DDR uses strobe signals to break down the 64-bits DIMM bus into separately "clocked" 8bits groups but even this starts getting touchy beyond 2GT/s: if you have a 100ps setup and hold time on the bus, you have less than 300ps of wiggle-room left for everything else.
Again, no serious loss for DDR3. Furthermore, many newer high-frequency DDR3 modules with decent timings can be underclocked and timing-tightened much tighter than even DDR2 modules achieved.
But the overall latency x period yields roughly the same effective latency in terms of nanoseconds and gimping your clock rates achieves nothing more than sacrifice bandwidth. In benchmarks, higher bandwidth with lower effective latency practically always wins even if latency is numerically higher.
Most DDR2-800 (and even DDR2-1066) RAM I can see on Newegg is 5-5-5, not 6 or 7 while DDR3-1066 is overwhelmingly 7-7-7.
Lets crunch some numbers...
- DDR2-800-5 = 5 / 800 = 6.25ns effective latency
- DDR3-1066-7 = 7 x 1/1066 = 6.5ns
- DDR3-1600-9 = 9 / 1600 = 5.625ns
- DDR4-2133-14 = 14 / 2133 = 6.5ns (based on photos of pre-launch packaging)
The ~50% cycles latency bump at the transition boundary between technologies usually favors the older stuff in benchmarks. DDR3-1600 may have higher latency cycle count than DDR2 or lower speed DDR3 but it still has lower effective latency even without having to pay for premium low-latency bins at higher frequency and latency cycle count.
If the main objective is feeding an IGP, it makes no sense to sacrifice bandwidth for lower latency and in most CPU benchmarks, it makes little to no sense either when the clock rises high enough to offset latency cycle bumps. For mainstream RAM, whatever the current definition of mainstream may be, we we have been around the 6ns mark for most of the past 10 years.
As for "chip count not being a problem", interface width and JEDEC are.

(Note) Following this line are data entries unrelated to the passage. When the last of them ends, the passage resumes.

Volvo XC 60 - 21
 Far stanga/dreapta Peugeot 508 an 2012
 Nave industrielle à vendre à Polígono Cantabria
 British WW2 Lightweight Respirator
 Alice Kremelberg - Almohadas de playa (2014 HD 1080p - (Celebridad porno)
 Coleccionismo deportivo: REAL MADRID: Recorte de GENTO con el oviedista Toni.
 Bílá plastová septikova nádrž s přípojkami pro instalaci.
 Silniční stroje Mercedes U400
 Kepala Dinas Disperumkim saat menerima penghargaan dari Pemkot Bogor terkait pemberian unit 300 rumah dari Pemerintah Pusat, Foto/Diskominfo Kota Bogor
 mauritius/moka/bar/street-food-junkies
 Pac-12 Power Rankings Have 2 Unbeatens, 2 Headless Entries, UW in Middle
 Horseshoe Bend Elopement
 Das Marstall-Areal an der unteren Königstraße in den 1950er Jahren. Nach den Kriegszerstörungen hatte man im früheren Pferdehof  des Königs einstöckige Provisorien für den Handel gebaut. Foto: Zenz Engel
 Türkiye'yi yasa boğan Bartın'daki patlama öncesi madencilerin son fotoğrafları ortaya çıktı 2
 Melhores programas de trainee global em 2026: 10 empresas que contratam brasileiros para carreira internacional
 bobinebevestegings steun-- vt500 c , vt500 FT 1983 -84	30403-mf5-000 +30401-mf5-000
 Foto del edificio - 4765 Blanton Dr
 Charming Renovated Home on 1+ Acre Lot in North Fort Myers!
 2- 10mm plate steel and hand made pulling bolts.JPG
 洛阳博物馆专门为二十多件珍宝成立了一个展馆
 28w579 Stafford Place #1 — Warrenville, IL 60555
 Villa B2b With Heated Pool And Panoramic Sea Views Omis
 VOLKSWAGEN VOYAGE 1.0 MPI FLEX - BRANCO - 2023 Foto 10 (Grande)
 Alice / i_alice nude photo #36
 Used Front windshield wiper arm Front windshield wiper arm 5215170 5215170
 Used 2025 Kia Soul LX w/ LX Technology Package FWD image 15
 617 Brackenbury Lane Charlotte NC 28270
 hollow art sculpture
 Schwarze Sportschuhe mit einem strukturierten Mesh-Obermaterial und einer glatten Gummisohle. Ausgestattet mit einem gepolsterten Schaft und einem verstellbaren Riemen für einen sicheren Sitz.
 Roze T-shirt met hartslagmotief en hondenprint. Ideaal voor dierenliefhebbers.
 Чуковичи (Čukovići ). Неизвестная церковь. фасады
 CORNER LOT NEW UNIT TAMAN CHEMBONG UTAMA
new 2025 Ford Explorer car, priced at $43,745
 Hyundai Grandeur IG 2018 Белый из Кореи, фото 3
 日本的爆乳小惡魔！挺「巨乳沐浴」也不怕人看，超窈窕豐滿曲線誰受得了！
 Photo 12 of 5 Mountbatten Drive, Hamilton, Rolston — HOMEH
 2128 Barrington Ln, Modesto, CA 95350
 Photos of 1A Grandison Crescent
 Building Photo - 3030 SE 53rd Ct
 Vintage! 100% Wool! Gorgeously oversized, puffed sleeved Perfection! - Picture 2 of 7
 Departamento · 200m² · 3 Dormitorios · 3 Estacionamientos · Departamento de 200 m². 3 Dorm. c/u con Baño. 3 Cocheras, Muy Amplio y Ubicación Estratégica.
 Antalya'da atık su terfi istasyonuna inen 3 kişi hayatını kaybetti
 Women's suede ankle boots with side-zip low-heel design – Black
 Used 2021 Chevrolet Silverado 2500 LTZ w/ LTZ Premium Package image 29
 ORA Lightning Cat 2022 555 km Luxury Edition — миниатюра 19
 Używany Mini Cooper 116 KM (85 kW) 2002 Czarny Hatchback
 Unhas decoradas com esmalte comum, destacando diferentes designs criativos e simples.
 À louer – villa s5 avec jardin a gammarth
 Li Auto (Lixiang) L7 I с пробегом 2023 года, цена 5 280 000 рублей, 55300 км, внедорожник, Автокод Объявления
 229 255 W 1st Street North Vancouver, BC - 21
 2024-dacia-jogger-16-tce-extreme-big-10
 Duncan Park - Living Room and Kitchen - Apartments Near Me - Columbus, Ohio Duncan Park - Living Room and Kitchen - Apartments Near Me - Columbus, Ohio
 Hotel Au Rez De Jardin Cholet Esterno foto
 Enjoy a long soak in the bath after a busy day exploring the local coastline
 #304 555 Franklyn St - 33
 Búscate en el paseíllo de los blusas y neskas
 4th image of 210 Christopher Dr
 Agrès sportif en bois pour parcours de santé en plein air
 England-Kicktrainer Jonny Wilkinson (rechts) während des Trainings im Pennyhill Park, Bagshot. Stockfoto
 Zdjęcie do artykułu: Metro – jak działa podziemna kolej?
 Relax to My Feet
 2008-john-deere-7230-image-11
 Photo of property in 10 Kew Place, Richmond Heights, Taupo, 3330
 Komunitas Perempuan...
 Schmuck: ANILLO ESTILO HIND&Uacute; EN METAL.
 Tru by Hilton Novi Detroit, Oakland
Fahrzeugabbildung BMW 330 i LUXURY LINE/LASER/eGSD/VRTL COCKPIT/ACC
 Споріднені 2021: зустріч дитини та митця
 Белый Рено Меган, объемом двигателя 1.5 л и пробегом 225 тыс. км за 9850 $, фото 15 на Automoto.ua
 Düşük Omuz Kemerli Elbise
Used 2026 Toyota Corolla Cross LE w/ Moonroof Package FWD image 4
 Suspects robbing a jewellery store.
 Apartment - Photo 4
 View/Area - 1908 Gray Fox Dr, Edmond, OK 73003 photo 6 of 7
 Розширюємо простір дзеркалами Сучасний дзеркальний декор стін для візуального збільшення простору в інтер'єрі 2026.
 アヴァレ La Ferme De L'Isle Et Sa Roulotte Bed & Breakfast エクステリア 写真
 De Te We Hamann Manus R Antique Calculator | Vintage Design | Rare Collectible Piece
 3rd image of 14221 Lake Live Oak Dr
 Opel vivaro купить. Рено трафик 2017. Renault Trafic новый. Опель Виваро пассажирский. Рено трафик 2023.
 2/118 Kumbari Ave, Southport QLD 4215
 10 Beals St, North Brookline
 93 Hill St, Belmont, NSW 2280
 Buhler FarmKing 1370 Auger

Chips with wider data busses draw more current from their IOB power plane, need their internal architecture to be that much wider and likely slower. This means wider chips run significantly hotter (2/4/8X as much stuff happening inside, may actually require heat spreader) and also means it becomes more difficult to adequately bypass/filter the power supply to support higher speeds.
The other thing is that JEDEC defined the DIMM interface as having one strobe signal per 8bits data group so having one 8bits chip per strobe signal (or a pair for double-sided DIMMs) is practically dictated by the standard itself - try finding a 1GB DDR3 DIMM that isn't 8x128MB configuration even though today's 1GB ICs would make a single-chip DIMM theoretically possible.
Many things sound nice in theory but hit brick walls in practice.